Central bankers save the day – again
Once again, monetary policy has saved the day. In the Eurozone, the ECB’s Long-Term Repo Operations have staved off a banking crisis and given the beleaguered sovereign debt markets a powerful shot in the arm. In the US, QE2 has helped turn investor sentiment around and rekindled business and consumer confidence, allowing the US economy to move ahead after the slowdown last autumn. The UK seems to have avoided a double-dip recession, but its economy continues to bump along the bottom and ITEM forecasts growth of just 0.4% this year.
The reasons for this dismal picture are obvious and inescapable. As a nation we have been living beyond our means and need to adjust. Austerity is the word of the day, not only in the UK but also our major European export markets. Banks are not re-capitalising sufficiently quickly but are responding to higher capital requirements by reducing their balance sheets.
Large industrial corporations are accumulating cash…
However, there is one part of the economy that has not been living beyond its means. The corporate sector is accumulating cash at an astonishing and accelerating pace and acting as a major drag on the rest of the economy, keeping it close to stall speed. It is hard to see any strong revival in the economy until companies start to release this cash by spending more on acquisitions, investment or dividends.

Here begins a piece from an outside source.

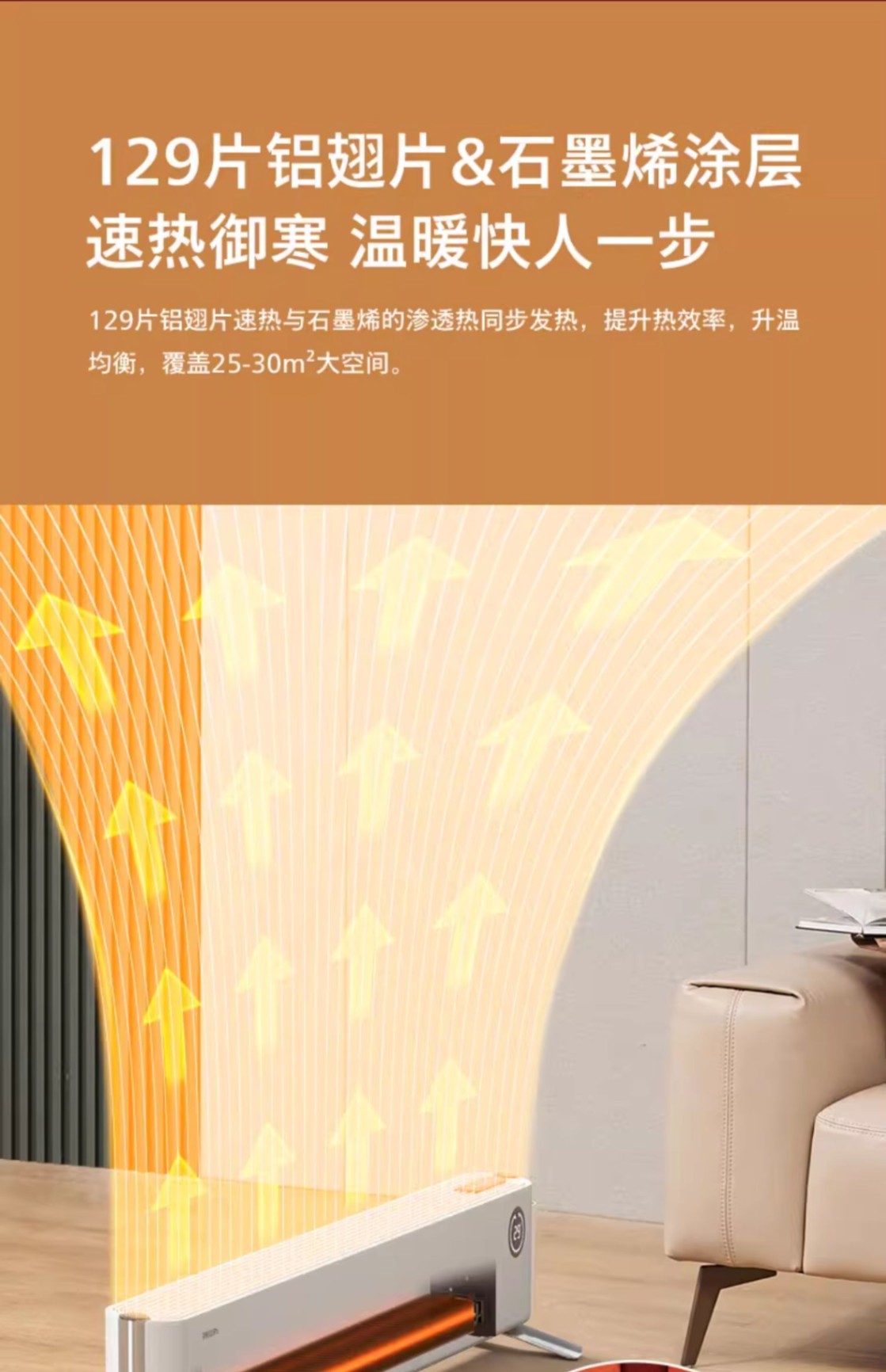 商品[国内直发] Philips|飞利浦石墨烯踢脚线取暖器家用电暖气节能电暖神器热暖风机大面积,价格¥1328,第7张图片详细描述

It is interesting to take a look at the current conjuncture from a cash-flow perspective. The chart above shows the net amounts earned or spent by each of the main sectors of the economy in the last two years. Ideally each would be close to zero. What stands out is the government financial deficit or net borrowing, which pumped £147 billion into the economy in 2010 and a further £122 billion last year. But these massive figures were largely the consequence of cash being drained out of the economy and indeed the Exchequer by the private sector. The biggest drain was the company sector, which sucked a hefty £72 billion out of the system in 2010, and a further £80 billion last year. And most of this cash is being hoarded, not spent or invested. Non-financial companies increased their holdings of currency and bank deposits by £48 billion in 2010 and a further £82 billion last year, taking the total to £754 billion, a staggering 50% of GDP.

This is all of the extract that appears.